Dr. Alessandro Marzola, GF Plose Seilbahn AG

„Unsere Zukunft entscheidet sich am 9. Juni“

Skifahren auf der Plose. Fotos: Plose Ski AG © Grüner Thomas

Die Plose-Seilbahn AG wird 2014 Jubiläum feiern. Schon in den nächsten Wochen aber wird sich entscheiden, welcher Weg für die Zukunft offensteht. Der Mountain Manager hat sich mit Alessandro Marzola über die derzeitige Situation und die künftigen Möglichkeiten unterhalten.
MM: „2012 wurde die Plose-Seilbahn AG 50 Jahre alt, geben Sie bitte einen kurzen Überblick über die wechselvolle Geschichte des Unternehmens. Wie ist Ihre
Familie mit dem Unternehmen verbunden?“
Alessandro Marzola: „Die ersten Gedanken, eine Seilbahn zu bauen, gab es schon 1907. Dann ist lange nichts passiert. 1962 wurde die Gesellschaft gegründet, eingeweiht wurde die erste Seilbahn dann allerdings am 4. Februar 1964. Deshalb feiern wir unser Jubiläum auch 2014. Die Geschichte der Plose-Seilbahn war von Anfang an gekennzeichnet durch große Diskussionen und Schwierigkeiten bei der Finanzierung. Schon 1983 stand man dann vor der Entscheidung, die Bahn zu schließen oder weiterzumachen. Durch ein geplantes finanzielles Engagement von Walter Klaus wurden Konzepte für die Bahn entwickelt, die man nach dem Ausstieg von Walter Klaus selber in die Hand nahm. 1985
wurde mein Vater, damals Präsident von Dolomiti Superski, ins Boot geholt.
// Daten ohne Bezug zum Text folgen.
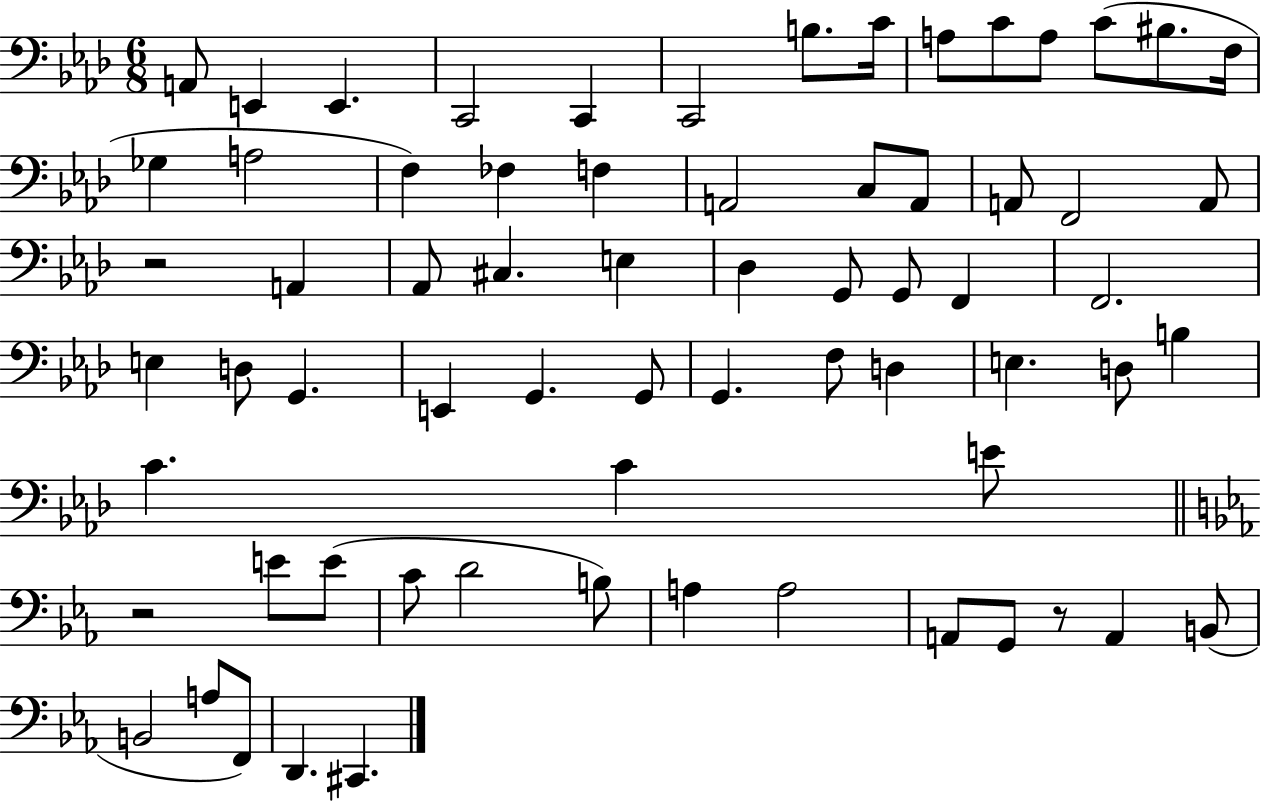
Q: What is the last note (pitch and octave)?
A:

Dann wurde gebaut und 1989/1990 kamen zwei Winter ohne Schnee. Die Gesellschaft stand wieder vor dem Aus. Mein Vater hat dann eine Kapitalerhöhung gezeichnet, weil niemand anderer dazu bereit war. Seitdem kämpfen wir uns von Jahr zu Jahr durch. Ende der 90er Jahre wurde wieder investiert. Heute betreiben wir 9 Aufstiegsanlagen, die zum Teil schon älter sind, zum Teil auch neuer. Wirtschaftlich ist es der Gesellschaft nie gut gegangen, insofern konnten nie große Entwicklungskonzepte umgesetzt werden. 2007 waren wir wieder soweit wie Mitte der 80er Jahre und ich habe klargestellt, dass wir einen Betrieb nicht aufrechthalten können, der keine Zukunftsperspektive hat. 2008 wurde dann die Malik-Studie in Angriff genommen, die die Stärken von Brixen und der Plose untersuchen und Zukunftschancen ermitteln sollte. Dabei ist man zum Schluss gekommen, dass man die Stadt mit dem Berg verbinden muss und das ist im Moment der Knackpunkt für unsere Zukunft: Kommt die Verbindung oder kommt sie nicht.“
MM: „War es für Sie immer klar, für das Unternehmen tätig sein zu wollen?“
Marzola: „Ehrlich gesagt, war das nicht von vornherein geplant. Um die Plose-Seilbahn hat sich mein Vater gekümmert. Ich bin nach dem Studium nach Südamerika gegangen und habe dort gearbeitet. Als ich später zurückkam, hat es sich durch die Entwicklung dieser Zeit ergeben, dass man in Brixen jemanden gebraucht hat. Ich bin dann nach Brixen übersiedelt und habe beschlossen, mich dieser Aufgabe zu stellen. Dazu musste ich mich natürlich erst einmal einarbeiten und den Betrieb kennenlernen.“
MM: „Was sehen Sie als Ihre wichtigsten Aufgaben?“
Marzola: „Im Grunde genommen, hat man eine große soziale Verantwortung. Aus unternehmerischer Sicht haben wir kein gut gehendes Unternehmen, es hängt aber sehr viel vom Unternehmen ab. Betroffen sind nämlich an die 300 Arbeitsplätze am Berg und man möchte natürlich dazu beitragen, dass diese auch Bestand haben. Aus der Gesellschaft ein gut gehendes Unternehmen zu machen, ist sehr schwierig. Es ist aber ein Ziel, dass der Betrieb auch in Zukunft selbstständig ist und weiterbestehen kann. Es kann nicht unser Ziel sein, von Förderungen oder öffentlicher Unterstützung abhängig zu sein.“
MM: „Wie sind Sie mit der laufenden Wintersaison zufrieden?“
Marzola: „Mit der laufenden Wintersaison sind wir sehr zufrieden, sie läuft sehr gut. Wir werden wie 2011 – das war unser bester Winter bisher – wieder 250 000 Ersteintritte haben. Unser Hauptmarkt ist Italien und angesichts der Krisenstimmung, die sich hier bemerkbar gemacht hat, wussten wir nicht, was wir für diese Saison erwarten können. Der Wintertourismus hat aber einmal mehr bewiesen, dass die Menschen, wenn genügend Schnee da ist, nicht auf ihren Urlaub im Schnee verzichten.“

Der „WoodyWalk“ lockt im Sommer Besucher an.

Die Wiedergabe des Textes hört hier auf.